The ongoing effects of radiation from way back have caused new problems which made us fear Kim would not make it to this birthday, but she's still fighting and inspiring many, many people. She is not the type to look for praise or lots of attention and I won't go into too much detail, though prayers for her are certainly appreciated! She is facing uphill battles, but with courage and hope - and surrounded by a lot of love.
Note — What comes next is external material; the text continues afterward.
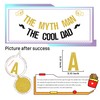 The Myth Man The Cool Dad Banner,Best Dad Ever,World's Best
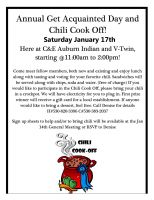 Annual Get Acquainted Day and Chili Cook Off!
We were able to visit her a few weekends ago, and with a few lazy summer days left afterwards, I decided to write a canon for her. To canon-ize her as a saint among us, one might say. I've actually never written a canon before, though I've written a lot of fugues and I've visualized Bach canons. This summer I learned that Greg Hayes, the longtime singing director at the chamber music camp my kids have attended for more than ten years, has often encouraged students to write canons. Upon his retirement from the camp this summer, we got to hear a few canons written and sung in his honor, and this idea stuck with me. So upon our return from that weekend visit, I spent a Sunday afternoon pushing notes around and then did a bit more finagling in the days that followed. 

The fascinating thing about a canon is that everything for an entire composition is encoded in just a small part of it. A little like a fractal, perhaps, although different in significant ways. This of course means that every little decision made about a note change here or there has implications elsewhere. I gave myself some leeway in not being obsessed with perfect voice-leading or rigorous harmonic definition, and I was happy with the result. (In fact, it was a goal from the outset to avoid having too clear a sense of a recurring progression.)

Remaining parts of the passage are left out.